Terminator Salvation isn’t necessarily a bad motion picture, it’s just an absolutely dull one with no substance to speak of.
At this point, I guess they decided to finally have a movie take place after Judgment Day. This was also supposed to kick off a new trilogy with stars Christian Bale and Bryce Dallas Howard, contractually attached to two sequels. None of that panned out, however, as Bale wasn’t this franchise’s savior, despite The Dark Knight coming out less than a year before this.
I remember people being stoked when Bale was cast as an adult, war-weathered John Connor. But the fact of the matter is that he was boring as hell, way too dry and looked just as bored in the film as the audience did watching it. Where was that emotion from his famous meltdown from the set that became a massive meme during this movie’s production?
No one else really seemed like they wanted to be there either, except for Anton Yelchin, who actually put some passion into the role of a young Kyle Reese. Yelchin was the best thing in the film and unfortunately his role was greatly cut down from the original script, as Bale joined the cast later and had the film reworked to feature him more.
Sam Worthington, a guy I don’t like in anything, was so lifeless that it was fitting that his character was actually already dead.
The film looks as dull as its actors’ faces.
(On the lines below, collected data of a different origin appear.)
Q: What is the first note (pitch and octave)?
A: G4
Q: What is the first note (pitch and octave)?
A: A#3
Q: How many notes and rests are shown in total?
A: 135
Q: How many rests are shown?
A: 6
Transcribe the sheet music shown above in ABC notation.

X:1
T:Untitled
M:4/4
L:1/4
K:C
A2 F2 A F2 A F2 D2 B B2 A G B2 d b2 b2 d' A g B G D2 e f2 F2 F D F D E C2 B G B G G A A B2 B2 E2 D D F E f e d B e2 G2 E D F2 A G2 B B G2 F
It was filmed in a boring desert with late ’90s style edgy boi lens filters that tried to add some grit but the film ended up looking like a straight-to-DVD low budget ’00s Jean-Claude Van Damme flick instead of a tent-pole blockbuster with a 200 million dollar budget.
The big finale sends John Connor into a Terminator factory where he faces off with a Terminator that looks like Arnold Schwarzenegger. It isn’t really Arnold, however, it’s just another actor with a really bad Arnold CGI face superimposed over his visage. This shit looked so bad that they shouldn’t have done it or wasted money on it in the first place. Just use the jacked actor to play the big cyborg. It was distracting as hell, takes you out of the movie and it looked worse than facial CGI effects from almost a decade prior.
I’m done. Fuck this movie. I doubt I’ll ever watch it again. I only watched it this time in an effort to review it before going on to the latest film in the shitty saga, Terminator: Dark Fate. I’ll watch and review that one in the fairly near future.
Pairs well with: the other shitty Terminator movies, so everything after Judgment Day.